What to produce:
Starting from the line with "샤넬 긴팔 티셔츠 C63308 2025/신상", please copy exactly every line to the end of the listing, but not the pictures.

Supplied data:
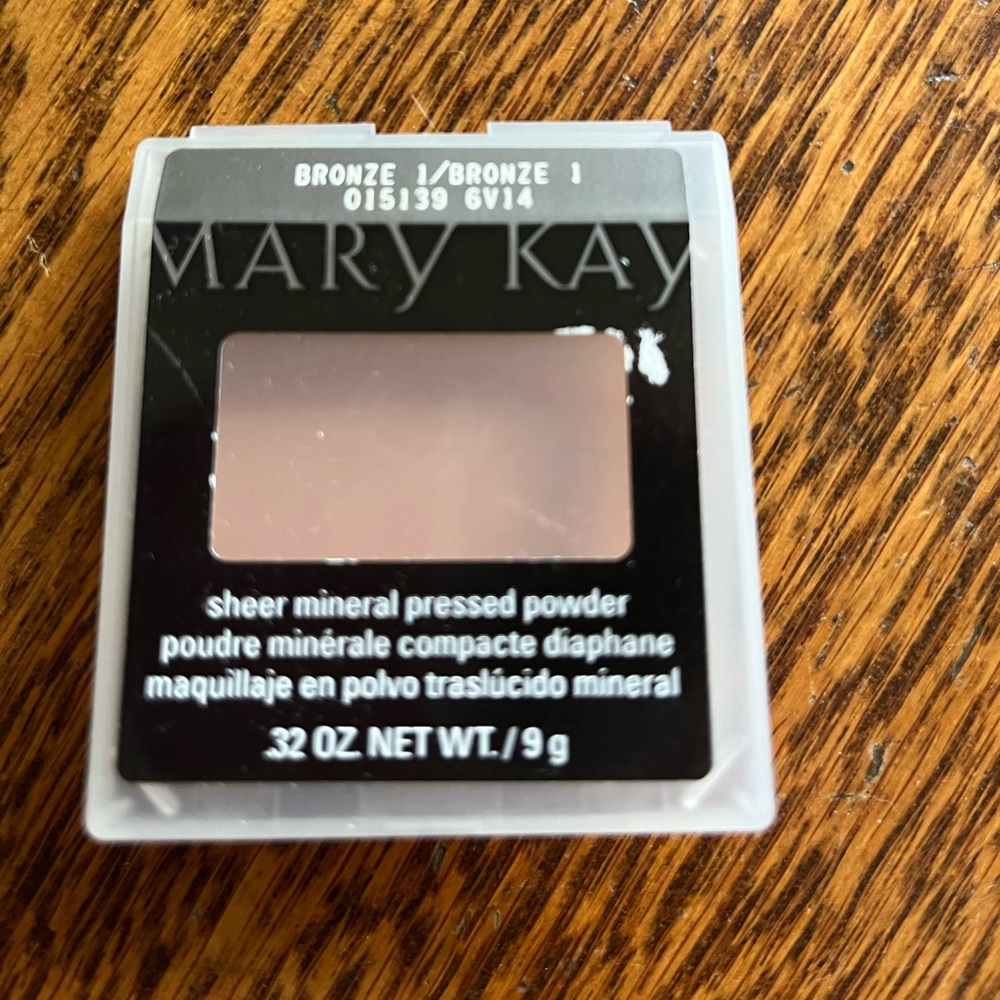 Mary Kay sheer mineral pressed powder. NIB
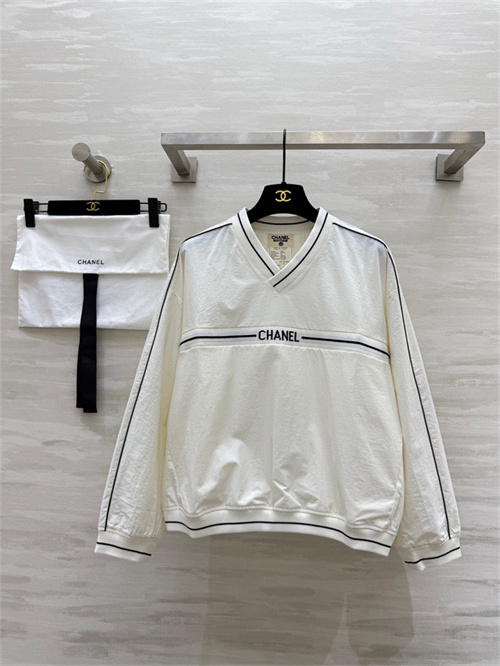 샤넬 긴팔 티셔츠 C63308 2025/신상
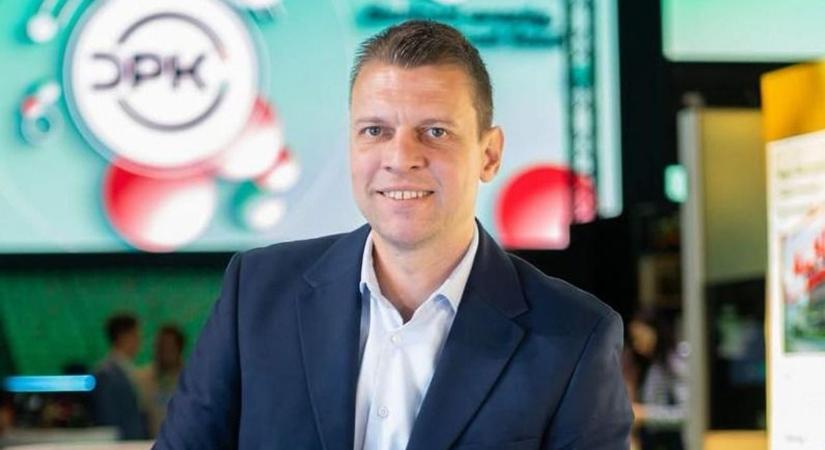 Nem mindennapi kijelentéseket tett Menczer Tamás a sportarénában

Result of this task:
 샤넬 긴팔 티셔츠 C63308 2025/신상
 Nem mindennapi kijelentéseket tett Menczer Tamás a sportarénában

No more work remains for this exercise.